BARRICATI

Bàrricàti, dal libro Il filo del racconto di

Marcello Arduini

Regia e drammaturgia di

Alessio Bergamo

  • produzione Cut-La Torre – Università della Tuscia. Lo spettacolo ha debuttato nel gennaio del 2008 all’Ex convento di Santa Maria in Gradi, Viterbo.

ATTORI

Elisa Casadei
Nicolò Maria Cimichella
Aldo Milea
Ilaria Passeri
Fabio Porroni
Ian Sutton
Margherita Vestri

Scheda

Il materiale alla base dello spettacolo erano sette fiabe della tradizione orale del viterbese. La fonte da cui erano prese era la raccolta etnologica Il filo del racconto del prof. Marcello Arduini.
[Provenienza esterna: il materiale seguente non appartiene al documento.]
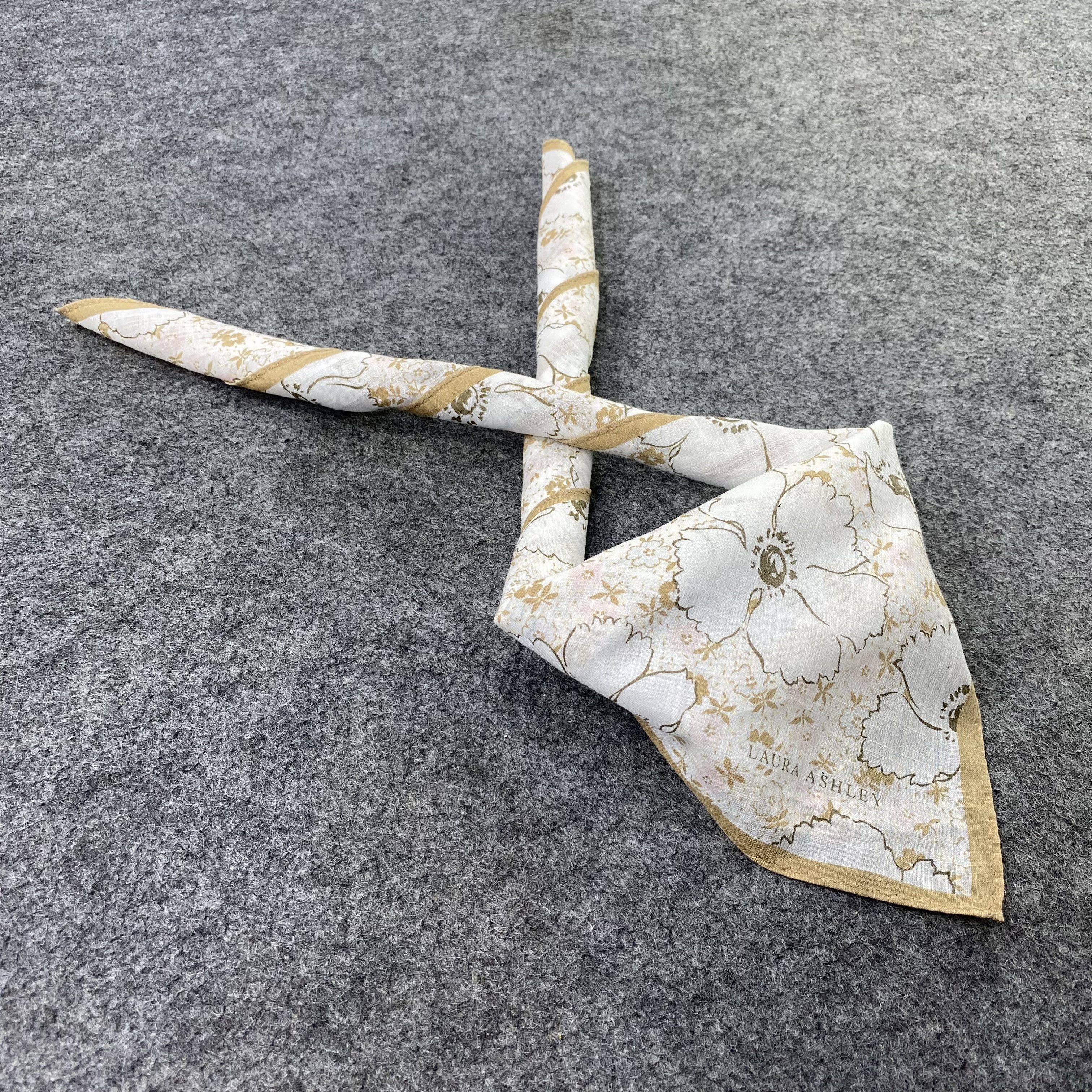 Laura Ashley Laura Ashley Handkerchief Neckerchief Bandana-B1860 Size ONE SIZE - 1 Thumbnail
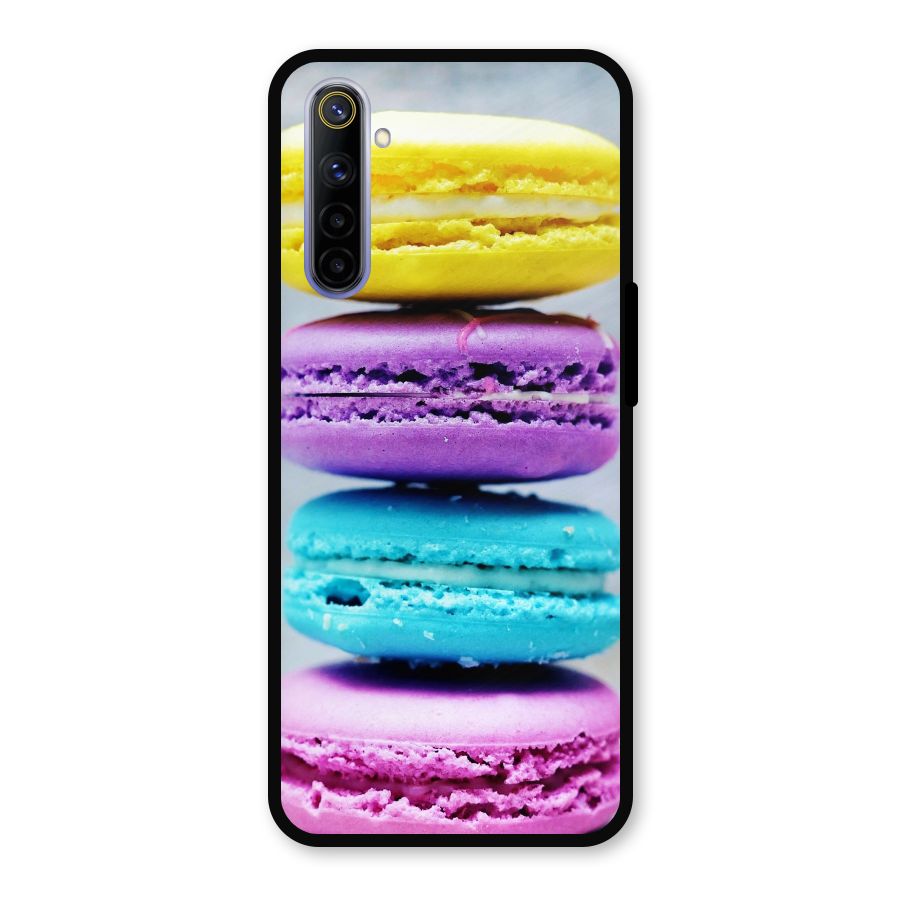 Colourful Whoopie Pies Metal Back Case for Realme 6i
Caratteristiche principali di queste fiabe laziali sono la cupezza e il sarcasmo cinico. Tra quelle scelte per lo spettacolo, quella che aveva il finale più positivo si concludeva con una sanguinosa vendetta.

Di qui la scelta del titolo.

NOTE DI REGIA

Nello spettacolo le fiabe erano intrecciate in un unico tessuto che procedeva facendo succedere ad una prima scena di una prima fiaba, la prima di una seconda, poi la prima di una terza, per tornare alla seconda scena della prima, e saltare poi alla prima della quarta, e poi alla seconda della seconda, e così via sino ad esaurire in questo alternarsi di scene dalle differenti sette fiabe tutti i racconti messi in campo.

Lo spettacolo era recitato in improvvisazione, sia per quello che riguardava il testo che per quello che riguardava i movimenti fisici, ma ovviamente secondo uno schema drammaturgico molto rigido, vista la complicazione del tessuto.

Lo spettacolo era site-specific. Si svolgeva nel chiostro gotico e in alcune stanze spoglie dell’ex convento di Santa Maria in Gradi. Il pubblico si spostava assieme all’azione.

Gli inserti scenografici fatti di pareti di lamiera e cartone (a cui di tanto in tanto si contrapponevano spezzoni video girati nei palazzi dei nobili, cioè in una show-room di un negozio di mobili con provinciali pretese di eleganza ) rimandavano associativamente ad un’umanità degradata, ad un mondo in cui le esigenze primarie (trovare il cibo, avere un tetto, avere dei vestiti, ecc.) hanno una loro necessità cogente e sono alla base dei comportamenti spietati dei personaggi.

La scarsa illuminazione, a cui contribuiva una vecchia televisione col tubo catodico da cui venivano trasmessi i video, assieme ad alcuni momenti splatter e al tempo stesso grotteschi dello spettacolo contribuiva alla complessiva atmosfera gotica.

La conclusione era affidata al video di una pessimistica intervista dei primi anni ‘80 di Rita Levi Montalcini. L’intervista era girata con il presupposto finzionale che la guerra nucleare ci fosse già stata e che le domande venissero poste in un rifugio, dopo la catastrofe.